Таким образом, поэзия музыкальна благодаря своим собственным приемам и концептуальному употреблению языка: «Это не элементарные созвучия духовых, струнных, ударных инструментов, но неизбежно абсолютный интеллектуальный смысл слова, результатом полноты и ясности которого, в качестве ансамбля соответствий, выступает Музыка». Мы имеем право приблизить к этому утверждению следующее заявление Рубена Дарио: «У каждого слова есть душа, в каждом стихе, помимо словесной гармонии, есть гармония идеальная. Музыка часто проистекает из идеи».
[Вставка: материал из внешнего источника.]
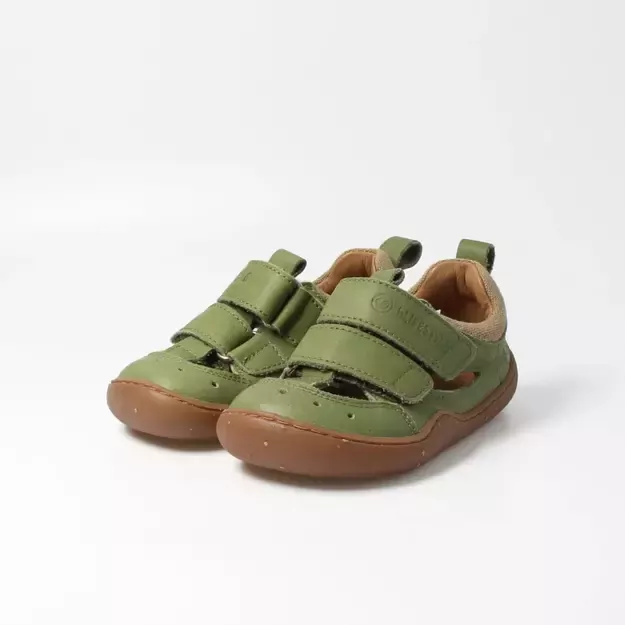 bLIFESTYLE barefoot vaikiškos basutės kammmolchSTYLE – samanų žalios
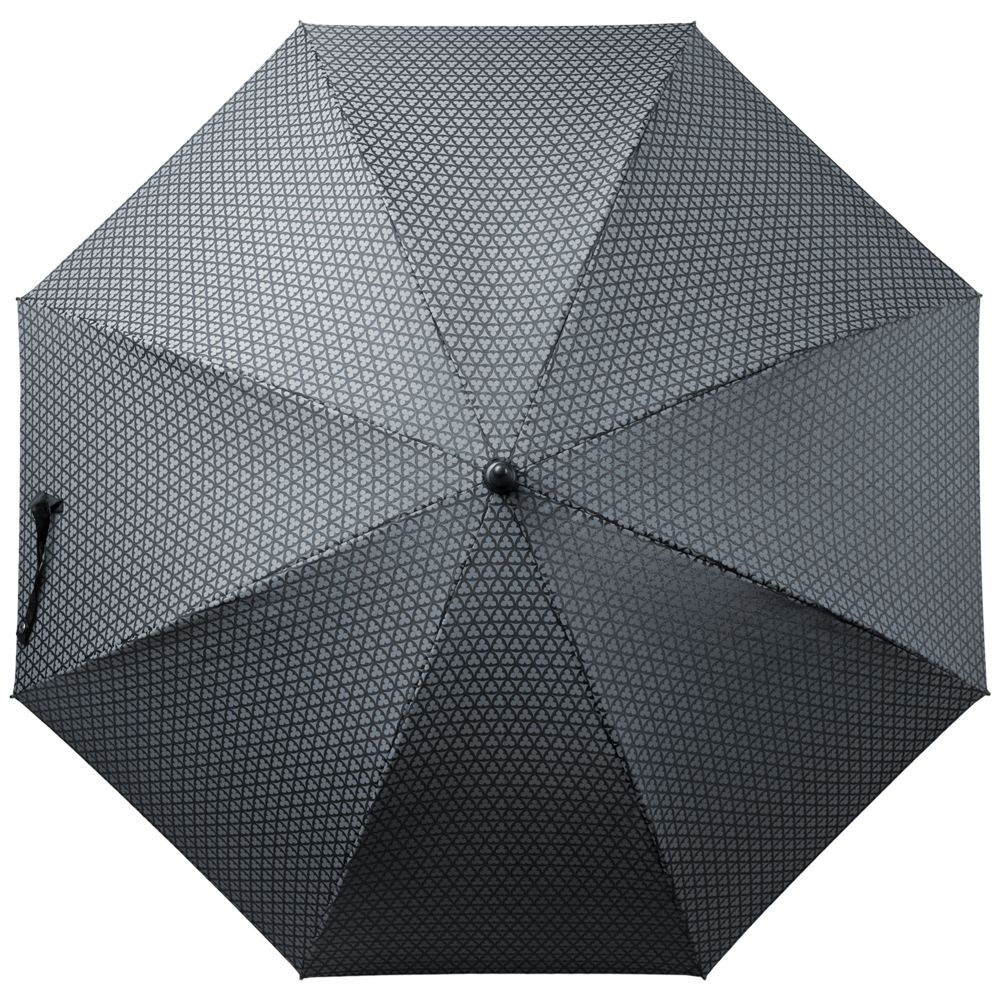 Зонт Matteo Tantini Alessio, черный с серым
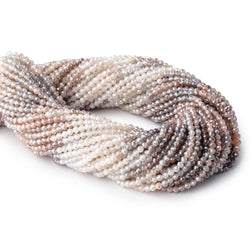 3mm Mystic Multi Color Moonstone Micro Faceted Rounds 12.5 inch 115 beads AA (ONLINE ORDER ONLY)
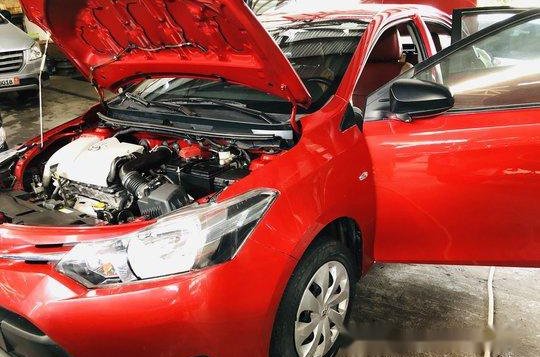 Red Toyota Vios 2016 Manual Gasoline for sale -4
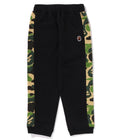 A BATHING APE BAPE KIDS ABC CAMO ONE POINT SWEAT PANTS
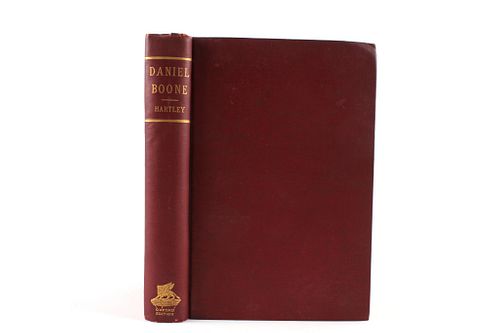 1865 1st Ed. Life of Daniel Boone by Cecil Hartley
Действительно, «модернизм», занявший в Латинской Америке, а затем в Испании место символизма, однако не смешавшийся с ним, позволяет определить себя не только через новизну тематики (отказ от жизни, от Америки ради «принцесс, королей, царственных предметов, видений далеких или несуществующих стран», предисловие к «Языческим псалмам», 1895), но и через музыкальную атмосферу:
(Пер. А. Старостина)
Как и Дарио, Валье Инклан писал «Сонаты». Мануэль Мачадо, подобно Верлену, предпочитает длинному и звонкому стиху, свойственному испанской лирике, короткий, плавный, музыкальный стих и «моду на минорное». Антонио Мачадо, напротив, будучи близок к модернизму еще в «Одиночествах» (1903), отошел от него, отдав себе отчет в том, что поиск музыкальности любой ценой может привести к пустой болтовне.
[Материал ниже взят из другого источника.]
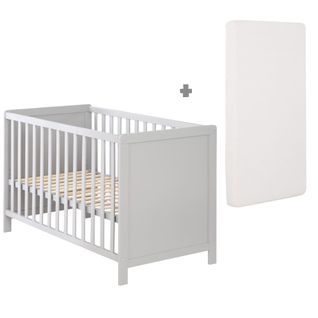 Lit Cododo 60x120 Gris + Matelas + Sommier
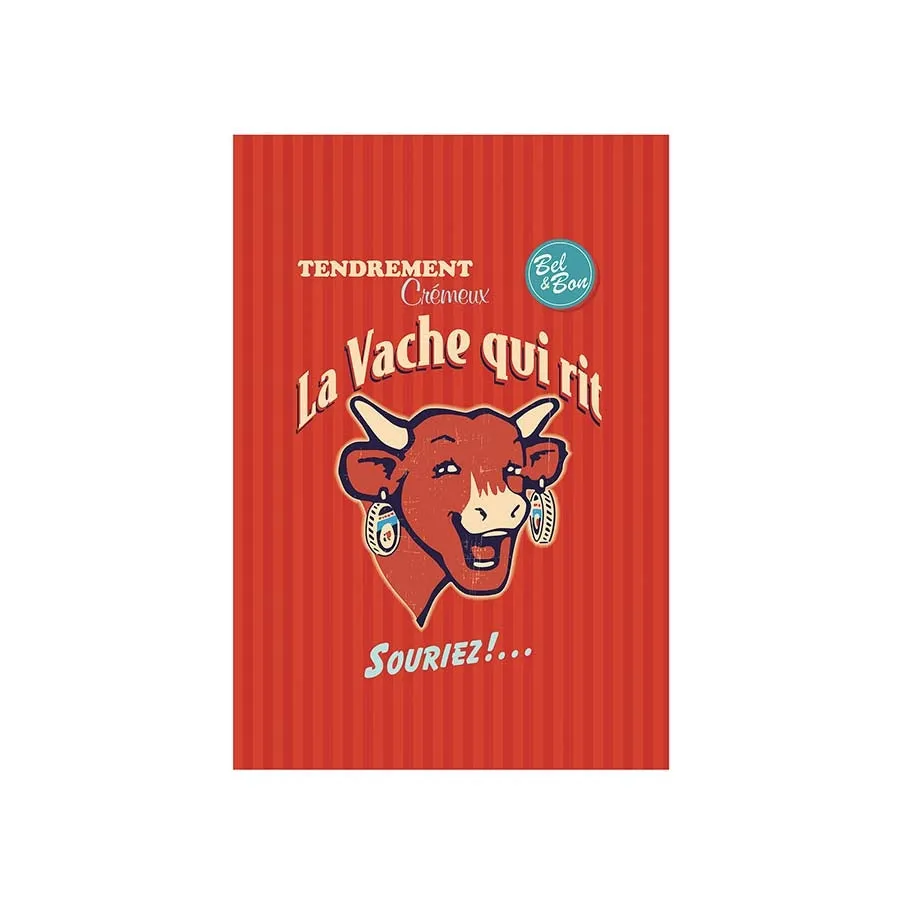 French Tea Towel - La Vache Qui Rit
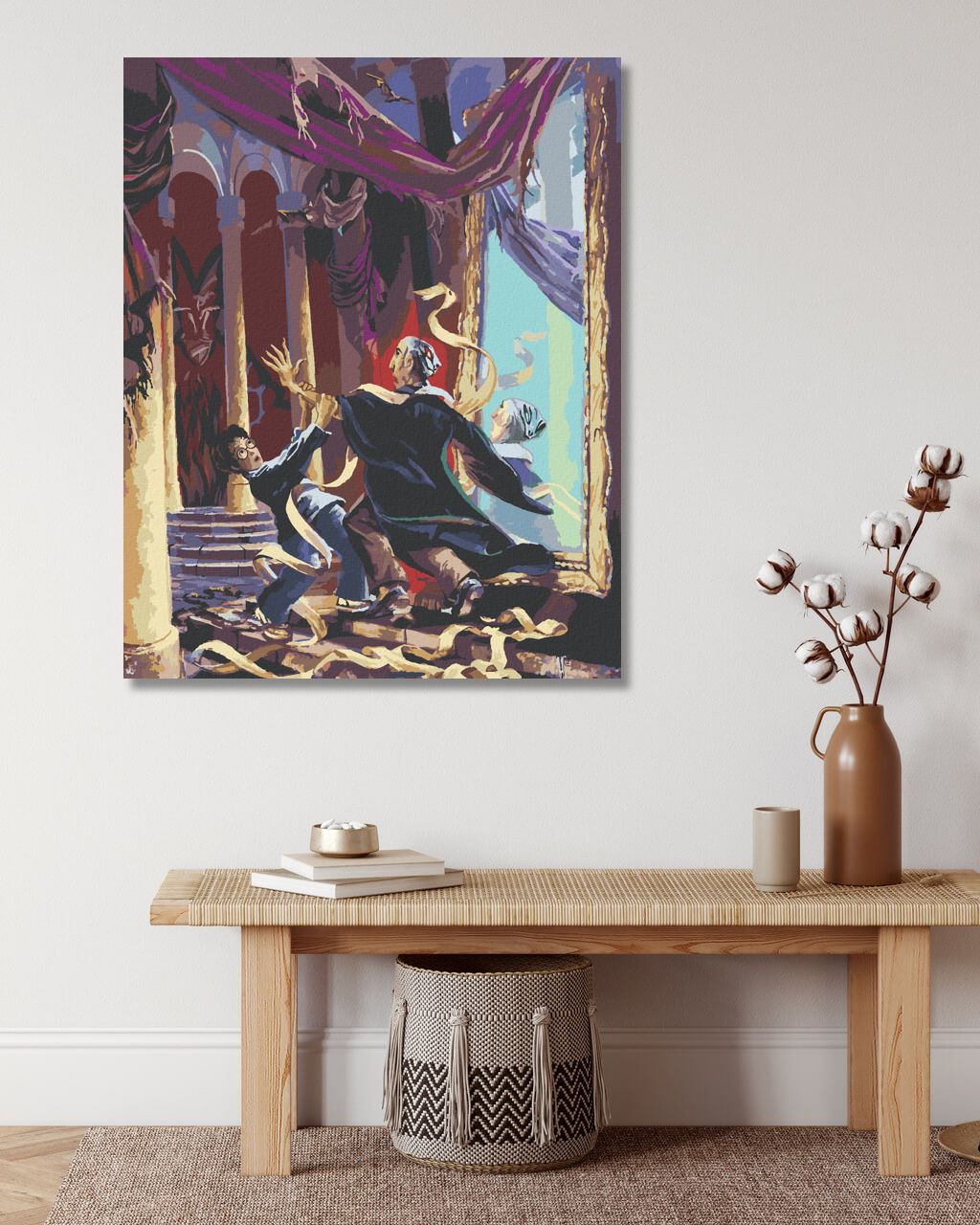 zuty Malování podle čísel - NÁVRAT LORDA VOLDEMORTA (HARRY POTTER) - Rozměr: 40x50 cm, Rámování: Varianta: bez rámu a bez vypnutí plátna - obrázek 6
Другая проблема: более чем когда-либо эта поэзия становится непереводима, и тем не менее никогда раньше ее не пытались переводить так часто, может быть, только для того, чтобы узнать о новых произведениях (вспомним, например, о роли Уэды Бина в Японии и о его переводах из французских символистов). Вот пример удачного перевода, но и в нем мы заметим неизбежные отступления от оригинала. Арпад Тот так перевел начало «Осенней песни» Верлена:
Текст
Les sanglots longs
Des violons
De l’automne
Bercent mon coeur
D’une langueur
Monotone
Перевод
Osz hurja zsong,
jajong, busong
a tajon
s ont monoton
but konokon
es fajon
Тот попытался соблюсти ритм и некоторый мелодический колорит, но омофоника, которую он сообщает рифме, чрезмерна и действительно монотонна, аллитерации улетучились, диереза исчезла, некоторые детали (скрипки, сердце печали) опущены, и перевод превратился в толкование — такова расплата за лаконичность венгерского языка.
Верлибр
Верлен попытался перестроить стих изнутри и добиться господства ритма в рамках силлабического стиха. Верлибристы намерены идти дальше; они больше не занимаются только подсчетом слогов, важны единицы ритма, которые диктуются и направляются метром и соответствуют ему. Они надеются таким образом заменить «математический ритм» ритмом «психологическим», более подходящим для воспроизведения внутреннего движения души. Рембо инстинктивно нашел нужную формулу в двух стихотворениях, входящих в «Озарения», — «Марине» и «Движении». Эти вещи, напечатанные в «Вог» в 1886 г., были, по выражению Дюжардена, «перстом судьбы, благодаря которому несколько молодых людей, искавших свои приемы, нашли их или по крайней мере смогли окончательно оформить».
Известна роль Гюстава Кана в публикации стихотворений Рембо. Когда на следующий год он напечатает свою книгу стихов «Кочующие дворцы», то станет претендовать на титул главного изобретателя верлибра — «эластичной формулы», которая, как скажет он позднее, «освободила слух от постоянного и монотонного двойного счета старого стиха и упразднила ту эмпирическую каденцию, кажется, без конца напоминавшую поэзии о ее мнемотехническом происхождении, позволила каждому слушать песню, звучащую в ней самой, и как можно более точно воспроизводить ее». Следствием этого стало определенное соперничество. Мореас предъявил претензии, будто Кан украл у него это изобретение, а монмартрская поэтесса Мария Крысинска напомнила о своих стихах, которые она опубликовала в «Ша нуар» еще до 1882 г.